Copy exactly and only the lines running from the one that contains "Decorative Golden Medallion" to the final line of the data below, without the pictures.
━━━━━ Input for this task ━━━━━
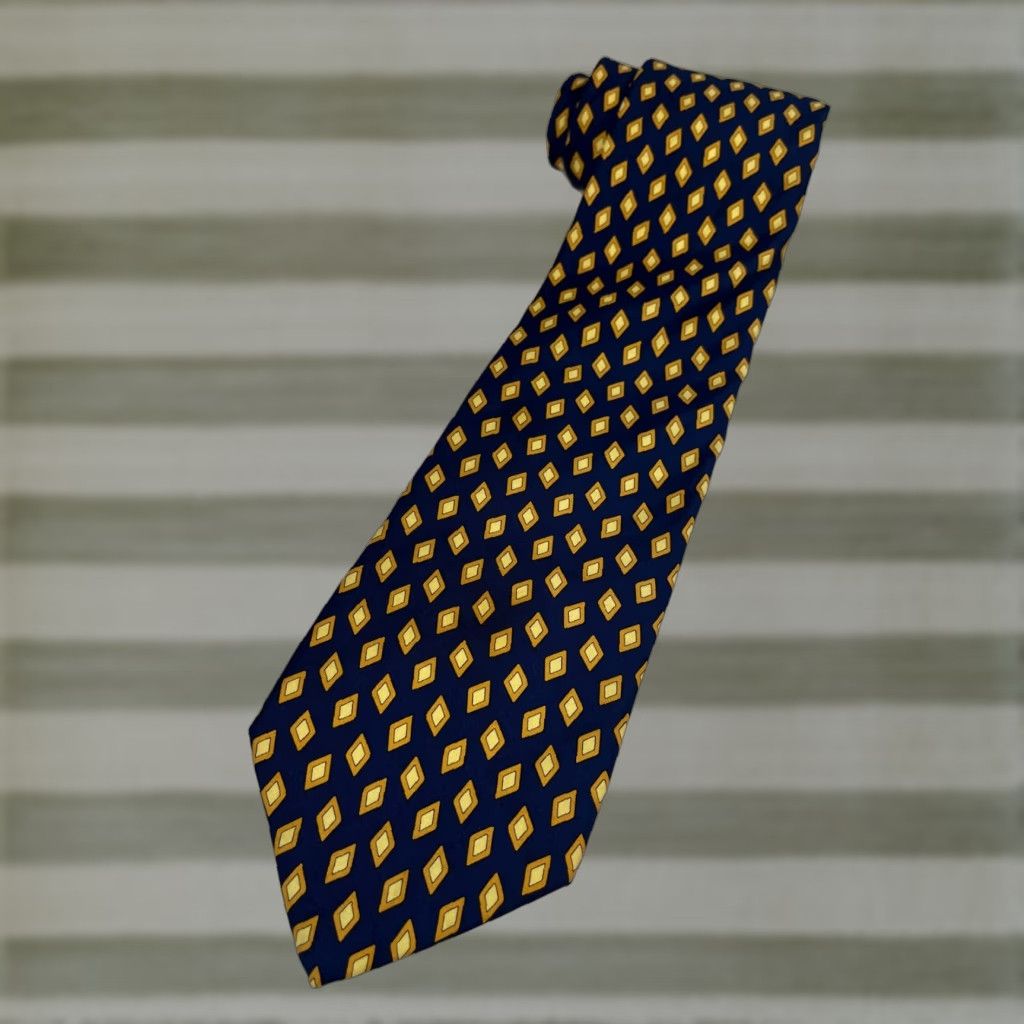 Brooks Brothers Brooks Brothers Makers Men's Luxury Silk Tie Geometric Navy Yellow 57.25" 3.75" Made in USA Colored Geometric Pattern Tie Mens Silk Old Navy? Size ONE SIZE - 1 Thumbnail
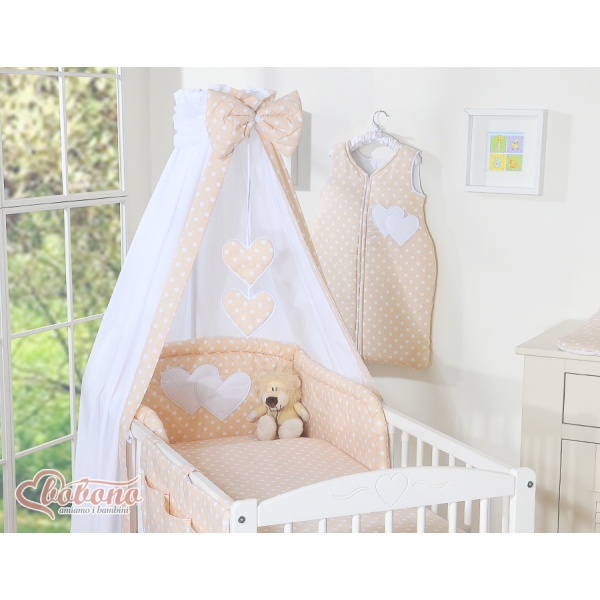 Beddengoed voor Babybed 11 st met Hemel Hemeltje - Harten Beige Polkaprikker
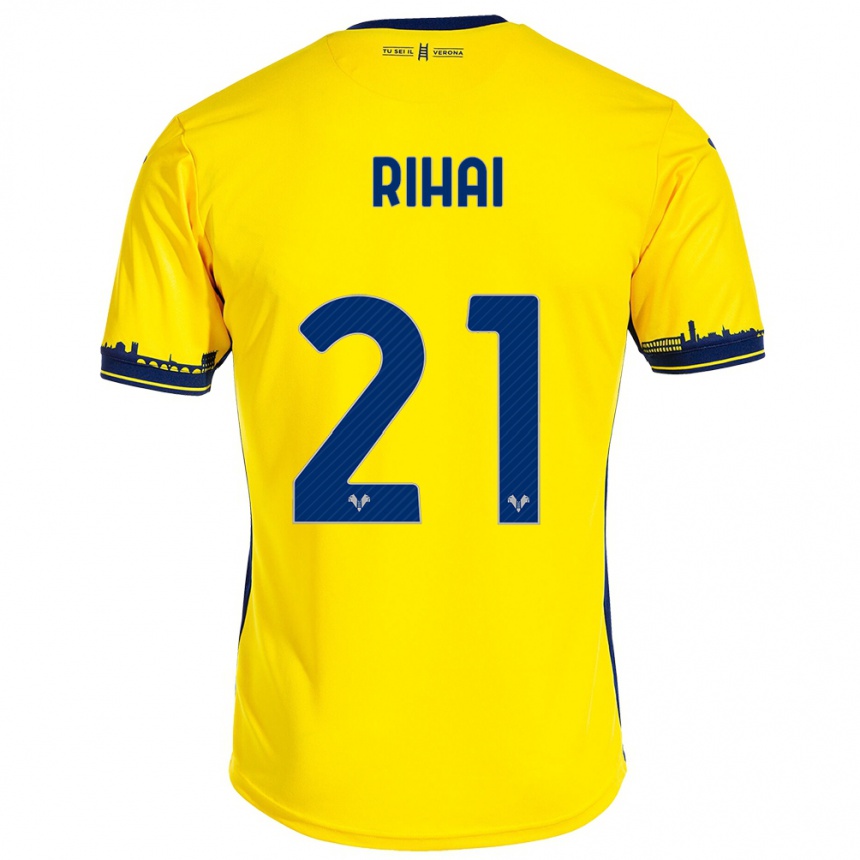 Vyrai Aiman Rihai #21 Geltona Išvykos Marškinėliai 2023/24 T-Shirt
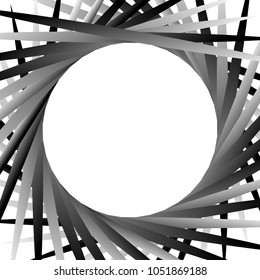 Radial, radiating lines abstract circular illustration in square format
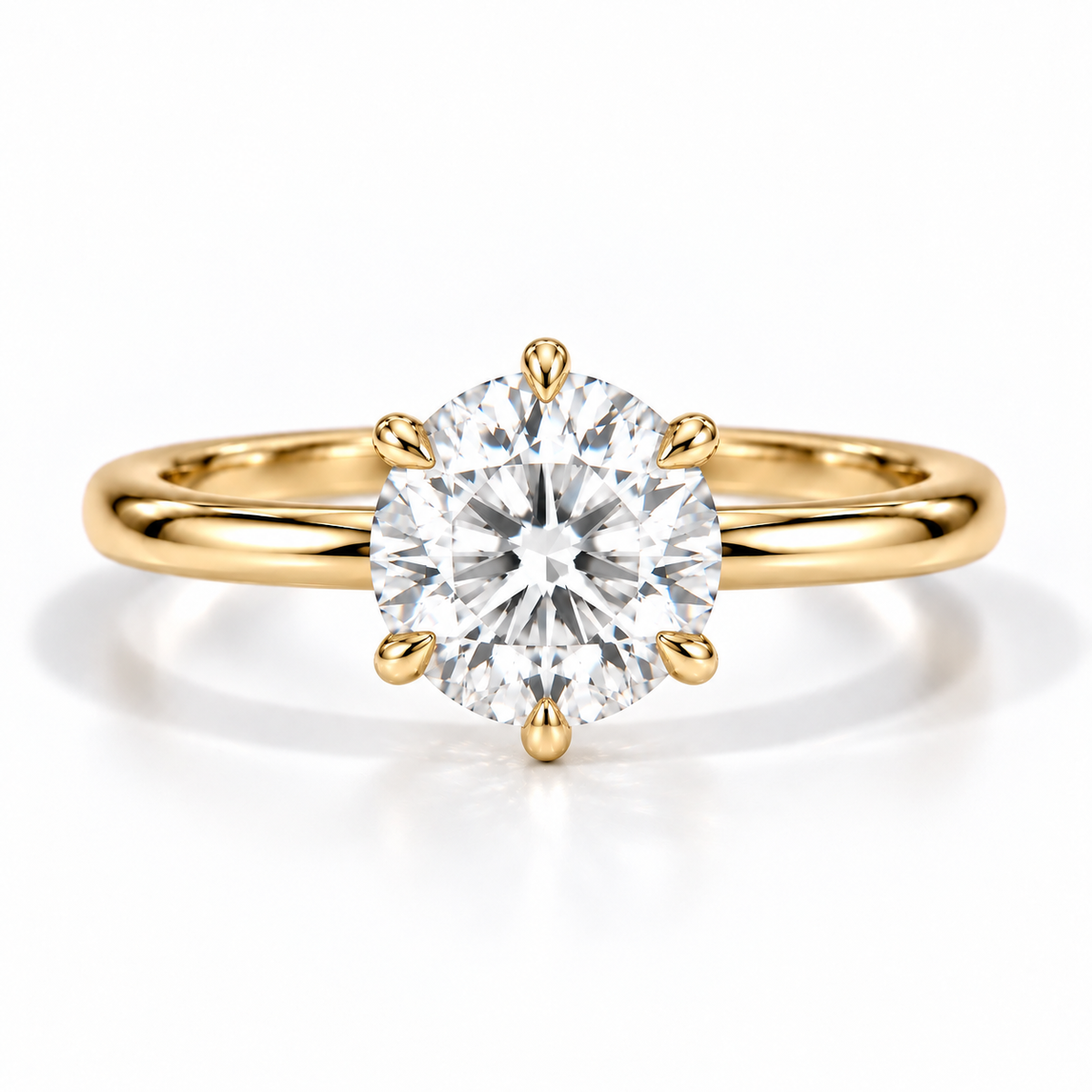 Runder Verlobungsring aus Gelbgold mit Labordiamant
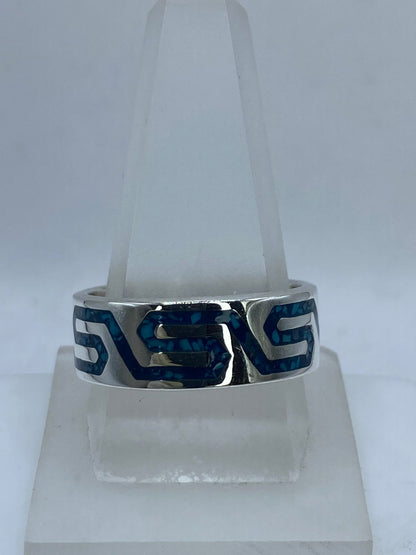 Anillo Greca Moderna en Plata .925 con Turquesa Natural, vista lateral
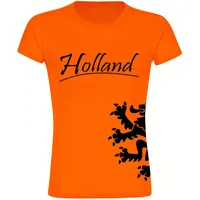 Multifanshop Damen T-Shirt - Holland - Löwe seitlich -
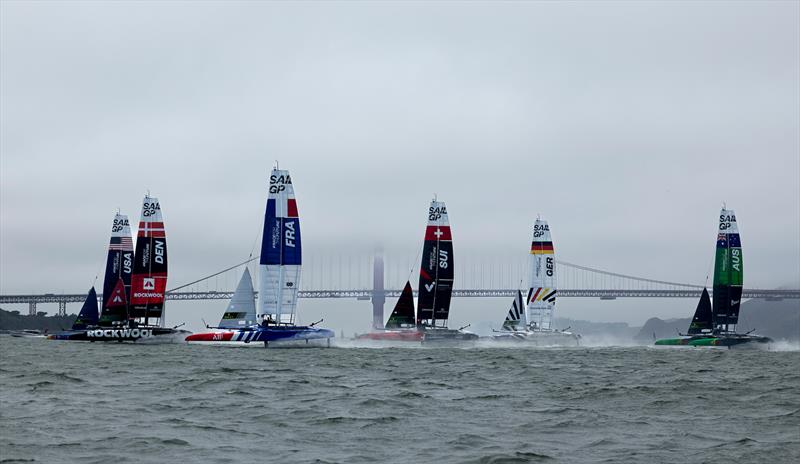 The SailGP in action as they pass the Golden Gate Bridge on Race Day 1 of the SailGP Season 4 Grand Final in San Francisco, USA photo copyright Samo Vidic for SailGP taken at  and featuring the F50 class
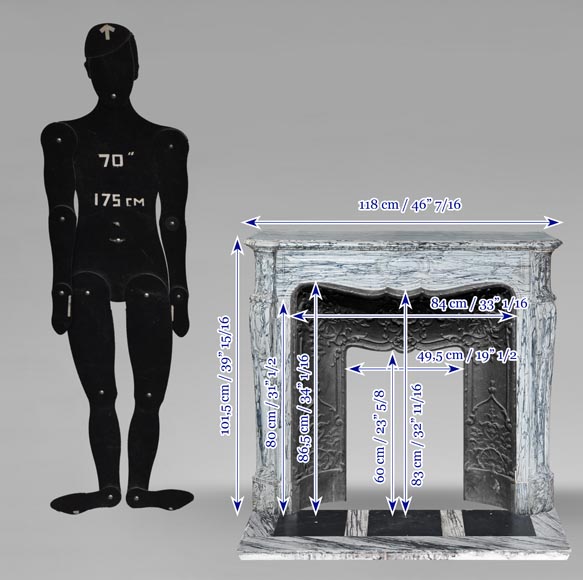 Louis XV style Pompadour model fireplace in blue floral marble Louis XV style Pompadour model fireplace in blue floral marble-10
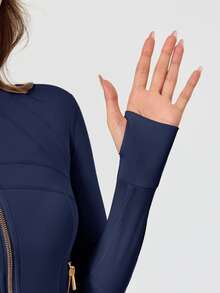 Women's BBL Fit Zip Up Jacket With Gold Zipper And Pockets Solid Color Lightweight Yoga Tennis Workout Outerwear, Gym Workout Clothes, Pickleball Outfit - True Navy/Gold - 查看 3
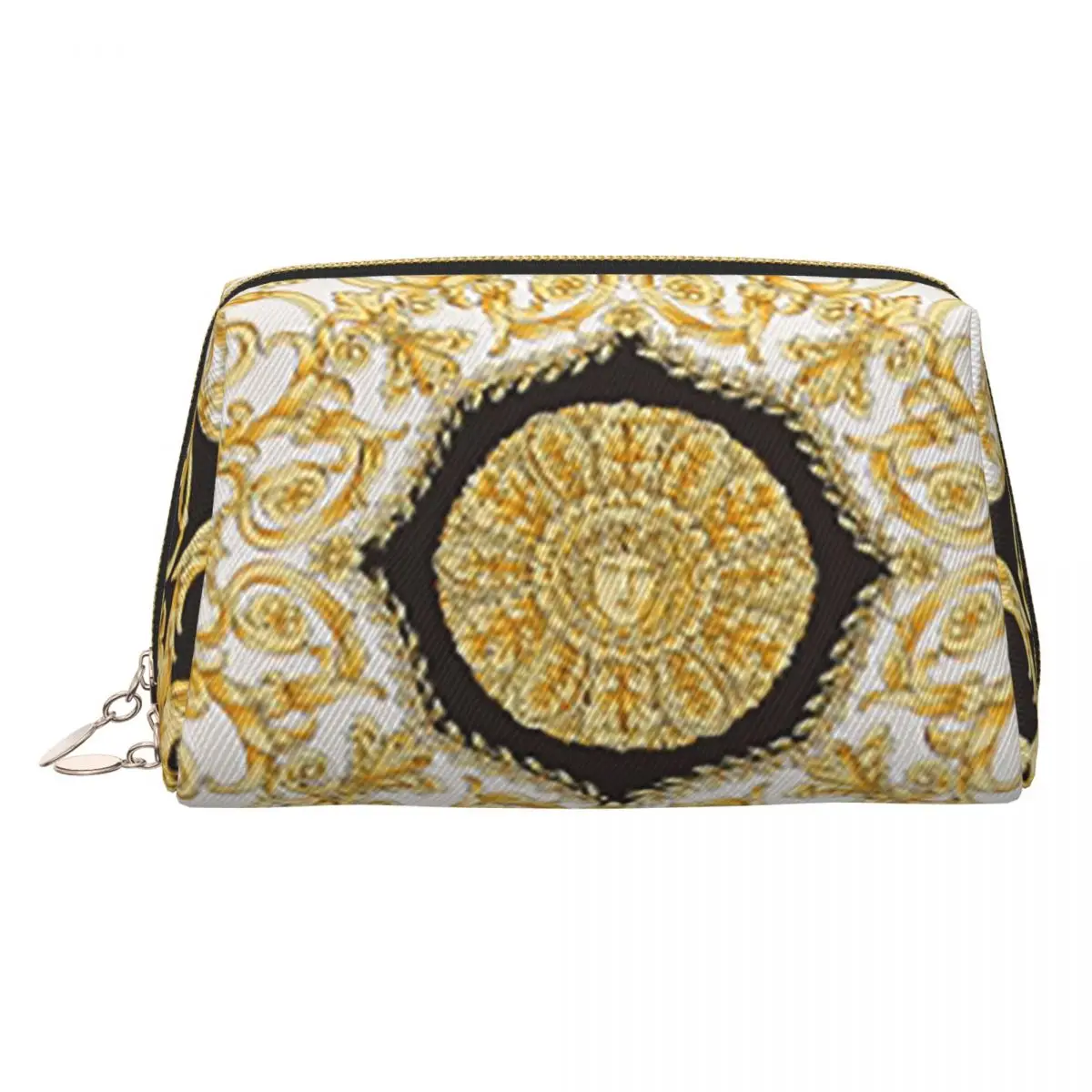 Decorative Golden Medallion Baroque Women Cosmetic Bags Travel Makeup Organizer Pouch Toiletry Storage Dopp Kit Case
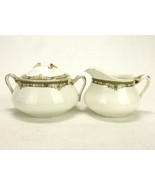 Porcelain Cream Pitcher &amp; Sugar Bowl Set, Vintage Johnson Brothers China... - $40.14 CAD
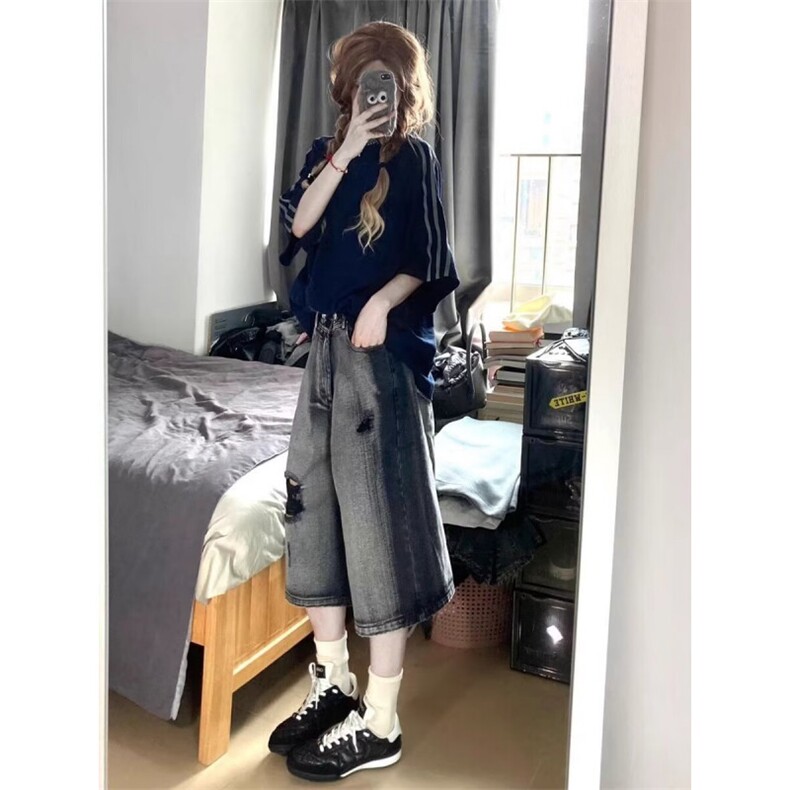 D5553-P45破洞牛仔短裤男女撞色网红超火炸街六分裤-网图现货,男装牛仔裤,星座603-2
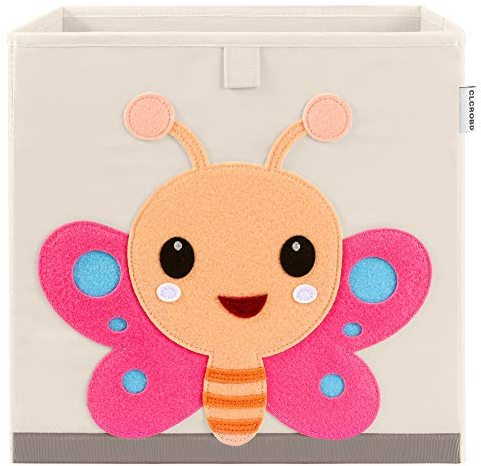 CLCROBD Animal Foldable Cube Storage Bins Fabric Toy Box/Chest/Organizer for Kids Nursery, 13 inch (Butterfly)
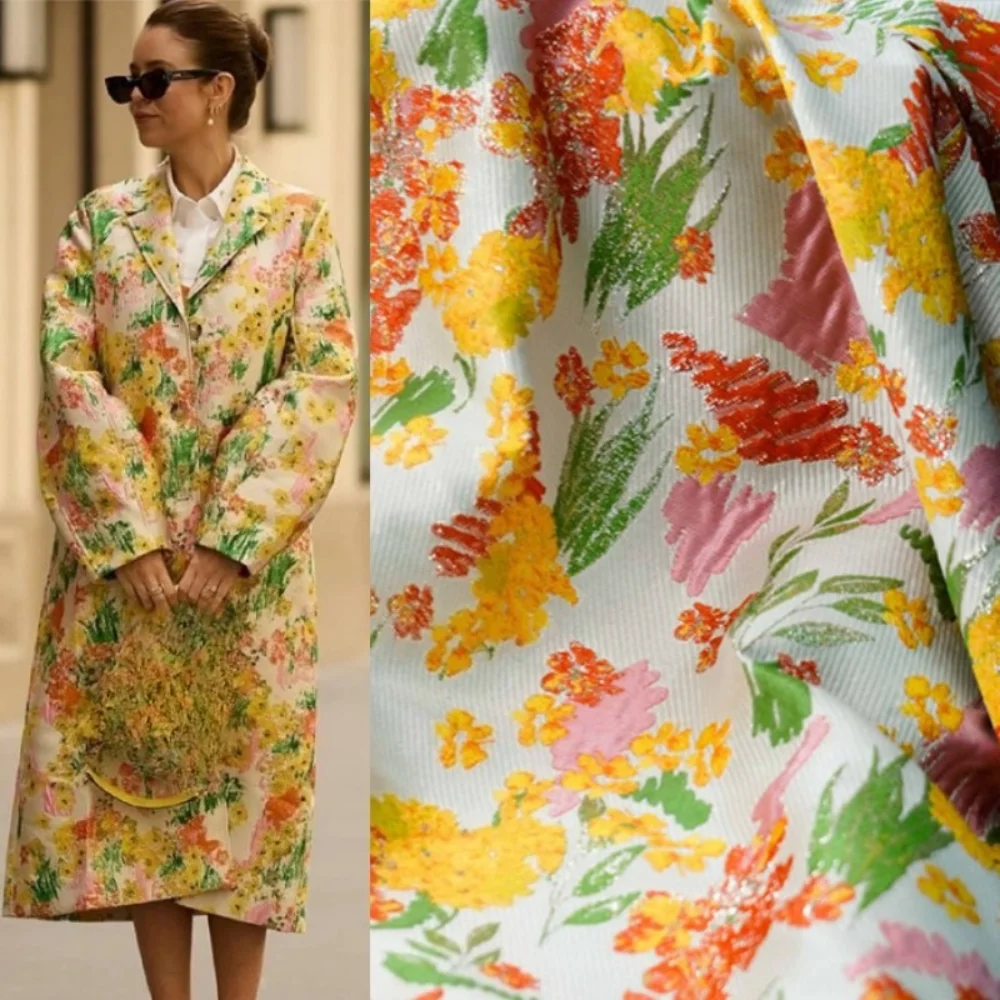 

Rural Style Metal Wire Jacquard Fabric Suit Jumpsuit Puff Skirt Windbreaker Coat Fashion Clothing Cloth for Diy Sewing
━━━━━
■ **Response for this exercise**:
 Decorative Golden Medallion Baroque Women Cosmetic Bags Travel Makeup Organizer Pouch Toiletry Storage Dopp Kit Case
 Porcelain Cream Pitcher &amp; Sugar Bowl Set, Vintage Johnson Brothers China... - $40.14 CAD
 D5553-P45破洞牛仔短裤男女撞色网红超火炸街六分裤-网图现货,男装牛仔裤,星座603-2
 CLCROBD Animal Foldable Cube Storage Bins Fabric Toy Box/Chest/Organizer for Kids Nursery, 13 inch (Butterfly)

Rural Style Metal Wire Jacquard Fabric Suit Jumpsuit Puff Skirt Windbreaker Coat Fashion Clothing Cloth for Diy Sewing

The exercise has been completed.